こちら側の百合園さん【1話からの長編大賞】

 すると、うーんと考えるような素振りをして、三又依子がふふっと笑った。

「なりませんね〜。愛おしくて仕方ないですが、あれと同じですよ。5歳児の手を引いて歩く親御さんの気持ちと」

 なんの会話なんだ。告白したわけじゃないのに、なぜかフラれた気分だ。
 心なしか、百合園さんの頬が上がっている。背表紙をなぞって、本を取る手の機嫌が良さそうだ。

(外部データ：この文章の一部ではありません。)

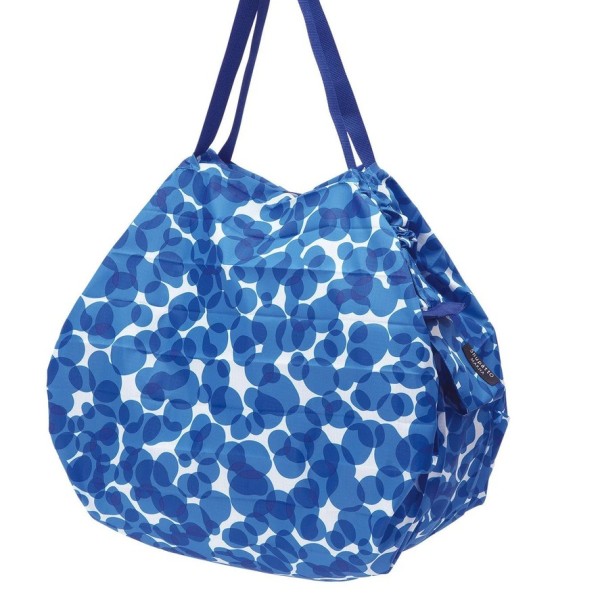Folding Bag . SHUPATTO . OCEAN . M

「……そっか……そうなんですね。じゃあ、わたしはそろそろ帰ります」

 もう行っちゃうのか。
 視線を下げたとき、手のひらにカサッとしたものが当たって、握るように何かを渡された。
 ……なんだ? 紙か?
 すれ違いざま、一瞬だけ視線が触れ合って、百合園さんは図書室を出て行った。

「まーくん、どうかしました?」

 顔を見られないように下を向きつつ、握りしめている手を隠す。
 尋常じゃないくらいの手汗と、動悸がうるさい。

「……なんでもない」
「ならいいですけど。あっ、そういえば、これ。百合園さんが忘れていったみたいなので、渡しておいてくれませんか?」

 書類でも入っていそうな茶封筒だ。本を取るときに置いて、そのままになっていたのか。
 そのあとすぐ、三又依子は生徒会へ向かった。

 重要なものだと困るだろうし、まだ教室に残っているかもしれない。
 広げたい気持ちと握っていた紙を制服のポケットに入れて、僕は百合園さんを探した。
 教室に彼女の姿はなく、できる限り校内を歩いてみたけど見当たらない。かばんが机の上に残されていたから、学校のどこかにいることは確かだ。
 どこへ行ったんだ?

 なんとなく裏庭へ出て、急がせていた足を緩めた。校舎の角から人の気配がする。